Cal said:
Calving is sure a lot nicer when the weather cooperates. Are you getting close to being at it 21 days Soap. We always look foreward to that number, means the worst is behind you.
We hit the halfway point yesterday. One "advantage" to calving earlier is that cows maybe don't breed back quite as fast as they would if they calve later. This means that they calve steady but not with quite as big of runs as they would later on. When Peach and I first got married, for several years we turned bulls out on June 1st and the cows started calving about the 10th of March. At the time we were calving out 200 cows. In one 24 hour period during a snowstorm the last week of March, we got 20 calves, which was 10 percent of our herd. That was a little too good of a deal, because we sure didn't have facilities at the time to put that many in a good calving barn. We put about 30 calves in the barn without their mothers. There were mix-ups galore when we let the calves have milk twice a day.

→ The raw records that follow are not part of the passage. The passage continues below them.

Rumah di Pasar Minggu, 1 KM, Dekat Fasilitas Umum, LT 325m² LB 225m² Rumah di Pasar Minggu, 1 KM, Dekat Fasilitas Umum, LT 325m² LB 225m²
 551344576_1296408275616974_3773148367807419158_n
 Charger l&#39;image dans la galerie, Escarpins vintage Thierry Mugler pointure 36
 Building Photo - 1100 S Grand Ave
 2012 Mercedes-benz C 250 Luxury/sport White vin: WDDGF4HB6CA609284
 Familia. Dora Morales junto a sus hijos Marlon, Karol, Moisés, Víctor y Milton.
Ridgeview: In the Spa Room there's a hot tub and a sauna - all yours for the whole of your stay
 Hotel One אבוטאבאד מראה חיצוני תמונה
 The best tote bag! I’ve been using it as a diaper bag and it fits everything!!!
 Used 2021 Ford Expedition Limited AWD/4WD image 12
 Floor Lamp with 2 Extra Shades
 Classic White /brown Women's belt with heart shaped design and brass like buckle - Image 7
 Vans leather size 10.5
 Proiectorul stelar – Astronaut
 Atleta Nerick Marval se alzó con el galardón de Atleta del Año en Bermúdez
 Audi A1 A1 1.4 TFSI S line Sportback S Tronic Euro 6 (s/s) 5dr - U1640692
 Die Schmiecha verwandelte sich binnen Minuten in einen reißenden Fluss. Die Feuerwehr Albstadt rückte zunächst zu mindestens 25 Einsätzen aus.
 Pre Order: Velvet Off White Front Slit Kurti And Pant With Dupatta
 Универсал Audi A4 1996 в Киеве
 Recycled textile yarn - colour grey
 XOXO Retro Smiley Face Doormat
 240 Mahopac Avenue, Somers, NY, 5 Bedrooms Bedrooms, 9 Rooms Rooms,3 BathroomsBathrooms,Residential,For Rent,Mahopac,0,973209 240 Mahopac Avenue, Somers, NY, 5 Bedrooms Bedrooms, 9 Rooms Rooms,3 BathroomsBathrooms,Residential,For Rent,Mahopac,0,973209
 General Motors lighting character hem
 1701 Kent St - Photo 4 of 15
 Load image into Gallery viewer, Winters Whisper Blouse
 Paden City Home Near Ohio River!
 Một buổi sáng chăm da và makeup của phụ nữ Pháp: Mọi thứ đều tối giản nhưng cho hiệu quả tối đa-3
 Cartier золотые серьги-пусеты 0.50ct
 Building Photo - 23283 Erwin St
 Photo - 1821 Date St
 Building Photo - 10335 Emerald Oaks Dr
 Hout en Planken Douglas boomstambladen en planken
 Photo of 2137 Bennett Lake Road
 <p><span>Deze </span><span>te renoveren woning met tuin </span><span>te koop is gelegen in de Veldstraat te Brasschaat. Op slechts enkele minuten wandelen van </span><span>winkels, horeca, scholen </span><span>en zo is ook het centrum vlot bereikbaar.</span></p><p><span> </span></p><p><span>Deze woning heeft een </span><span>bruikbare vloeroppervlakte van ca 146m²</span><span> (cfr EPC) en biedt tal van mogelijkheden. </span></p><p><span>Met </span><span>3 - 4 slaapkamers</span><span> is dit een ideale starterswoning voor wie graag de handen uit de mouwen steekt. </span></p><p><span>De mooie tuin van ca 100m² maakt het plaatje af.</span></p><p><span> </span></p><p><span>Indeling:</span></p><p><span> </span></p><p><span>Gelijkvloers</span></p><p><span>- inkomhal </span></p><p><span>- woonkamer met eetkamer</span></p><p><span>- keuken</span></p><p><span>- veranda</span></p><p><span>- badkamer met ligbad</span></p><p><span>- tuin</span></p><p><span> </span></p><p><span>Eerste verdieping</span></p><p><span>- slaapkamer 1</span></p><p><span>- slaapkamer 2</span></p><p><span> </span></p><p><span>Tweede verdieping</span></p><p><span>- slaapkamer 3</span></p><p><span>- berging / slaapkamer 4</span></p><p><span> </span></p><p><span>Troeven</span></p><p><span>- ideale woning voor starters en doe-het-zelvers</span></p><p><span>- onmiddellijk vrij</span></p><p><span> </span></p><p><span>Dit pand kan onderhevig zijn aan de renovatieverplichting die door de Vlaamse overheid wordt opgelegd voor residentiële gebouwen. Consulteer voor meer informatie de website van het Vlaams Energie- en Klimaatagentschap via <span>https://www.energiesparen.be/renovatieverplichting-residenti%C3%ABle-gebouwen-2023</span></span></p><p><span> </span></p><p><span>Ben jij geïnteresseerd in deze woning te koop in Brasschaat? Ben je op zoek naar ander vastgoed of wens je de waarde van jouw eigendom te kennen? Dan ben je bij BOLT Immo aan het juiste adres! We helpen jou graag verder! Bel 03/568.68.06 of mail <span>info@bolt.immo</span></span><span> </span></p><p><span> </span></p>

Our biggest runs this year have been just a tad less than 4% per 24 hour period. That is fast enough. One thing that has been noticeable is that several of our real late calving cows last spring, which calved in early May, have already calved in early March this year. They gained two months in a mere one year. This makes me realize that there is no particular value in getting rid of late calvers, because under the right conditions, they can sure make up time and calve fairly early the next year. One other year that I kept track two decades ago, out of our last fifteen cows to calve that spring, twelve of those cows calved in the first third of the herd the following year.